Grüße vom Skipper
Wie kann es auf der Petrine weitergehen? Anmerkungen des Skippers Jochen Storbeck:
„Heute morgen habe ich eine Empfehlung gelesen, wie Unternehmen aus der Krise herausfinden können: „Jetzt digitalisieren – oder untergehen“. Das würde ich auf der Petrine nicht empfehlen, auch wenn ihr alle diese Gedanken digital übermittelt bekommt.
Aber wahrscheinlich wird die Petrine in den kommenden Jahren noch musealer wirken. Ihr ursprünglicher Daseinszweck, das Frachtsegeln, ist lange museal geworden. Ihr Daseinszweck war in den vergangenen Jahrzehnten, altes echtes Handwerk zu pflegen, die Natur unmittelbar und ungefiltert zu erleben und dabei persönliches Zusammenleben unter gewöhnungsbedürftigen Bedingungen einzuüben. Wird das in Zukunft auch ins Museum gehören? Wenn nicht, dann freut es mich sehr! Wenn doch, dann werden wir ein „Museum für persönliches Zusammenleben“ werden. Da sehe ich keinen Mangel an Möglichkeiten und Nachfrage!
Die persönlichen Beziehungen zwischen den Petrineseglern waren nicht nur positiv, sie waren auch oft eine Herausforderung. Zum Glück waren sie selten eine Zumutung, aber das gab es auch. Diese Beziehungen kamen in einem Mikrokosmos zustande, der sich maximal von dem unterschied, was wir in der Coronakrise praktizieren müssen. Auf der Petrine lebten wir immer dicht gedrängt und in ständigem Kontakt und bewegten uns unausweichlich mit dem Schiff alle ausnahmslos in die gleiche Richtung. Es wird wunderbar werden, wenn es wieder so ist!
Im besten Fall werden wir Freunde und Partner fürs Leben finden. Das ist häufig passiert an Bord und nach der Krise wird es nötiger werden. Es reicht aber schon aus, wenn wir interessante Menschen kennenlernen und ihnen nahe kommen werden. Das bereichert unser Leben. Wir sehen, wie die anderen sich unterscheiden und begreifen hoffentlich, dass wir selber uns ebenfalls unterscheiden.

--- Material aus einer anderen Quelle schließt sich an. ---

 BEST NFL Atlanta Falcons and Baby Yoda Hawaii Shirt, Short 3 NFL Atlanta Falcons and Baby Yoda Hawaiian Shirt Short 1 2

In jedem Fall werden wir einen praktischen Nutzen von den anderen Mitsegl/innen haben. Ohne sie hätten wir nämlich garnicht losfahren können; alleine funktioniert das nicht. Und unterwegs werden wir oft feststellen, dass jemand, der oder die uns möglicherweise auf die Nerven geht, in der Lage ist, etwas Leckeres zu kochen oder zu backen, die defekte Lampe zum Leuchten, das klappernde Fall zum Schweigen, den wackeligen Stuhl zum Stehen, die ungefettete Ankerwinsch zum Drehen, das unklare Tau zum Aufschießen, die müde Bande zum Singen zu bringen. Einer alleine kriegt das auf die Dauer nicht hin.
Manche unserer Mitsegler/innen werden wir einfach nur aushalten müssen. Wir werden uns abgrenzen, uns der nötigen Zusammenarbeit hoffentlich nicht verweigern und froh sein, dass wir selber anders ticken. Auch diese Erfahrung muss geübt werden; sie ist im täglichen Leben unverzichtbar.
Ich freue mich, Euch im Juni (im Juli? im September?? erst nächstes Jahr???) wieder zu sehen für gemeinsame soziale Erfahrungen, tolle Erlebnisse und echte Abenteuer. Ich warte schon jetzt darauf.